Tumore alla tiroide – Cura
In linea generale, la cura di un tumore alla tiroide consiste nell’asportazione totale dell’organo tiroideo (tiroidectomia totale). L’asportazione parziale (un solo lobo tiroideo) o la sola rimozione del nodulo tumorale non è mai consigliabile, questo perché la presenza di un residuo di tessuto tiroideo può:
- impedire la visualizzazione di focolai metastatici con la scintigrafia post-operatoria
- impedire l’utilizzo di tireoglobulina quale marker tumorale
- favorire l’espressione di focolai tumorali occulti.
A seconda dei casi può essere opportuna la somministrazione di radioiodio (terapia radiometabolica) allo scopo di eliminare sia l’eventuale tessuto residuo sia gli eventuali focolai metastatici. La terapia radiometabolica viene effettuata con lo iodio-131; tale terapia consiste nell’assunzione orale di una capsula. Questo tipo di trattamento è generalmente ben tollerato e, se necesario, può essere ripetuto più volte nel tempo. Gli effetti collaterali, ancorché rari, consistono in alterazione del gusto, infiammazione delle ghiandole salivari, disturbi di tipo gastrointestinale, lievi edemi loco-regionali ecc. In molti casi il trattamento provoca ipotiroidismo che viene generalmente trattato attraverso l’assunzione di levotiroxina.
Le forme più gravi di tumore alla tiroide -i carcinomi anaplastici- richiedono sia l’intervento chirurgico sia la terapia radiante. Queste tipologie di tumore alla tiroide, infatti, non rispondono né alla terapia radiometabolica né alla chemioterapia.
In linea generale i tumori tiroidei recidivano in circa un terzo dei casi; un terzo circa delle recidive tumorali si verifica entro dieci anni dall’intervento e di norma si tratta di recidive locali. Esistono però casi di recidive verificatisi decenni dopo (addirittura 40 anni dopo l’intervento), motivo per cui il follow up di un tumore alla tiroide dovrebbe durare per tutta la vita.

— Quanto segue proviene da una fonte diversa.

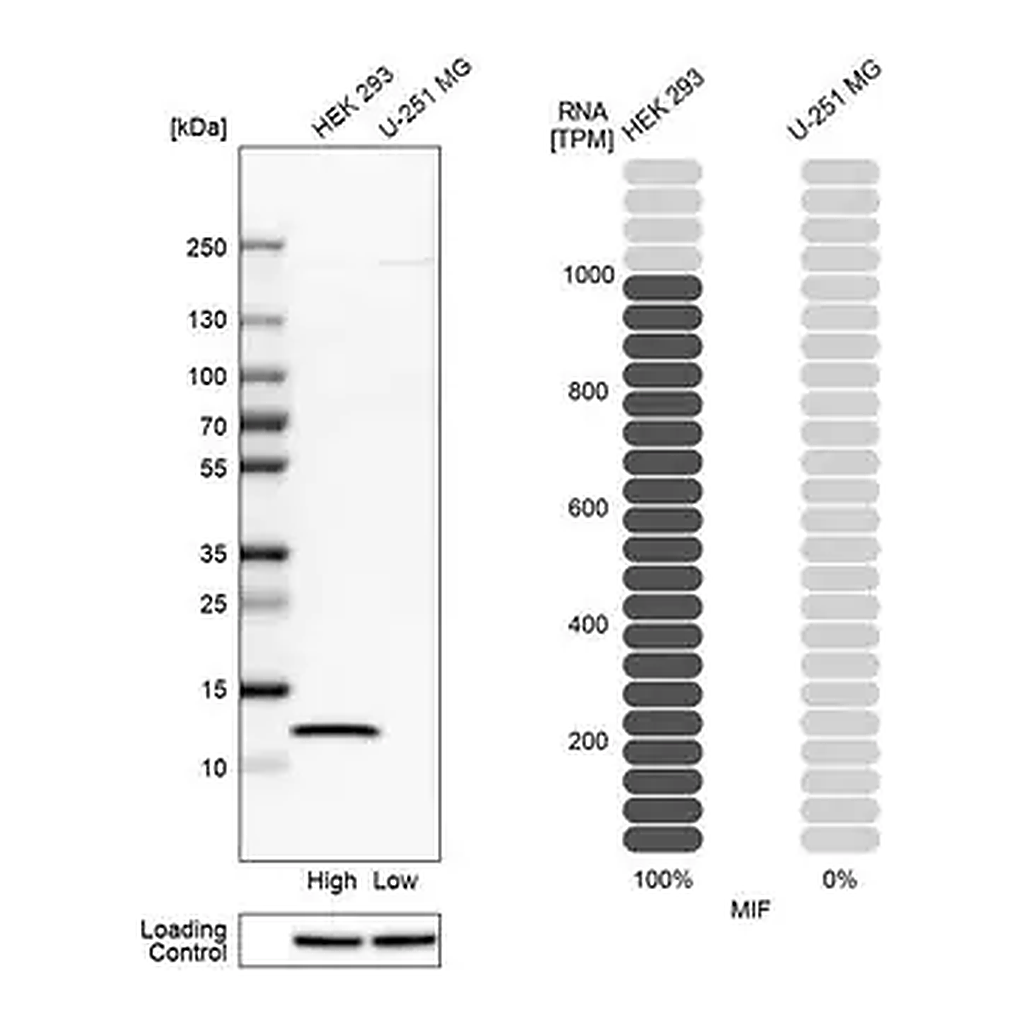 Merck Anti-MIF antibody produced in rabbit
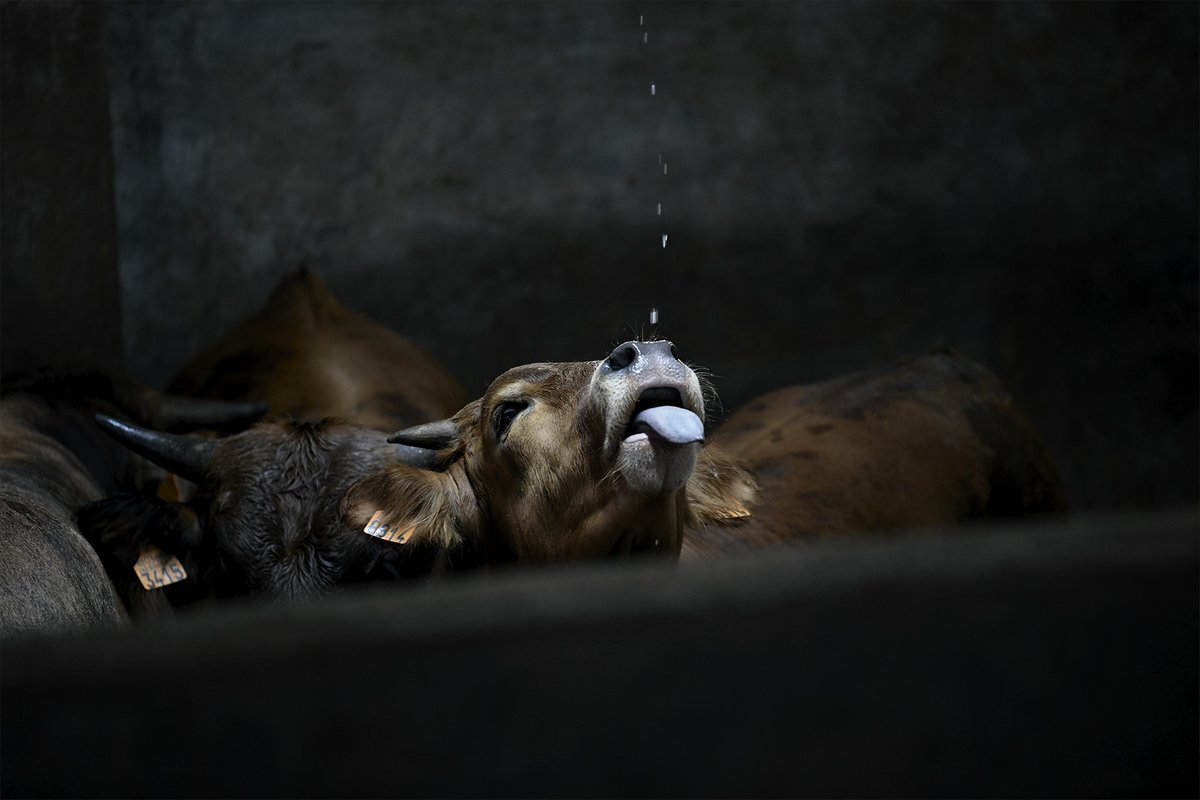 VIGILIAS, DE LA EMPATÍA AL RESPETO

“Creo que ese es el sentido de las vigilias. Tratar de traducir las cifras inimaginables de la explotación animal a imágenes capaces de provocar un sentimiento al alcance de cualquiera: la empatía”.

📷 @belgonzalez_net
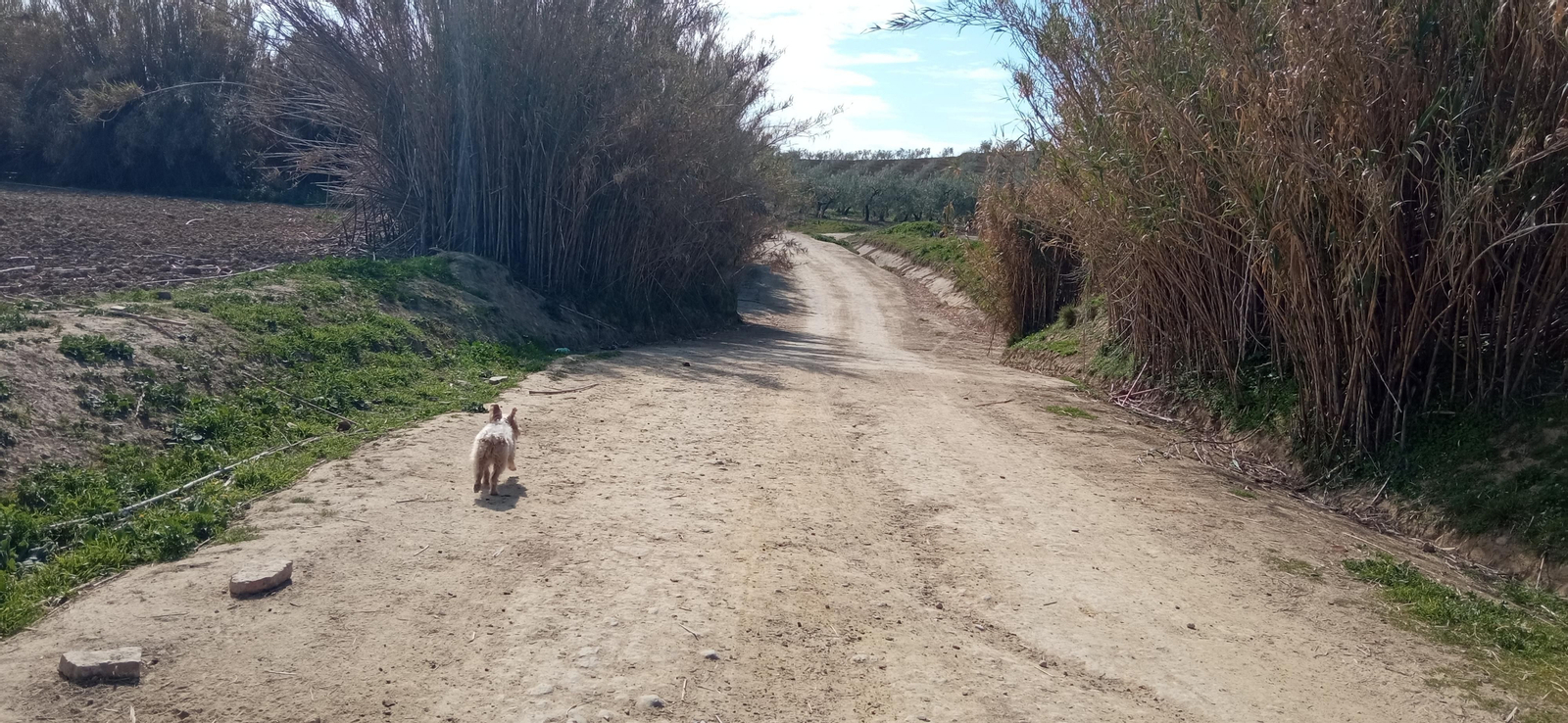Las imágenes de la ruta de la dehesa de Albaida del Aljarafe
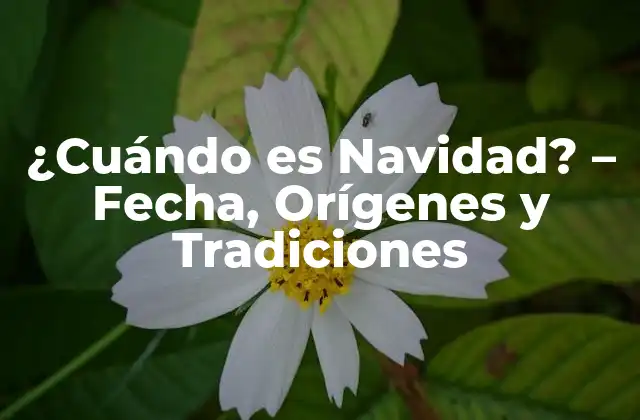 ¿cuándo es Navidad? - Fecha, Orígenes y Tradiciones 2 Orígenes de la Navidad: La Fiesta de la Luz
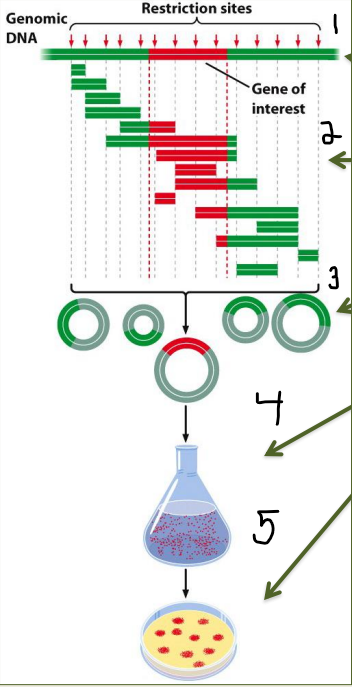 Problem in breaking up DNA fragments 
1) Multiple copies of genomic DNA are digested for a limited time 
2) Different DNA molecules are cut in different places providing a set of overlapping fragments 
3) Each fragment is joined to a cloning vector...
4)  ...and transferred to bacteria cells...
5) ...producing a set of clones containing overlapping genomic fragments, some containing the gene of interest 
- Bacteria can be spotted on a membrane and screened with a probe to identify candidate clones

* Si stima che circa un terzo delle tiroidi esaminate in corso di autopsia presentino una forma neoplastica tiroidea non diagnosticata quando il soggetto era in vita. Ciò fa ritenere diversi autori che il tumore alla tiroide sia più frequente di quanto comunemente si pensa. Il motivo della mancata diagnosi potrebbe essere ascritto al fatto che moltissimi carcinomi tiroidei hanno una crescita lentissima e scarsa aggressività; essi quindi rimangono silenti e non danno alcun segno della loro presenza (carcinomi tiroidei occulti). Con ogni probabilità, visto il progressivo miglioramento delle tecniche diagnostiche, nei prossimi anni si assisterà a un aumento del numero di diagnosi di tumore alla tiroide.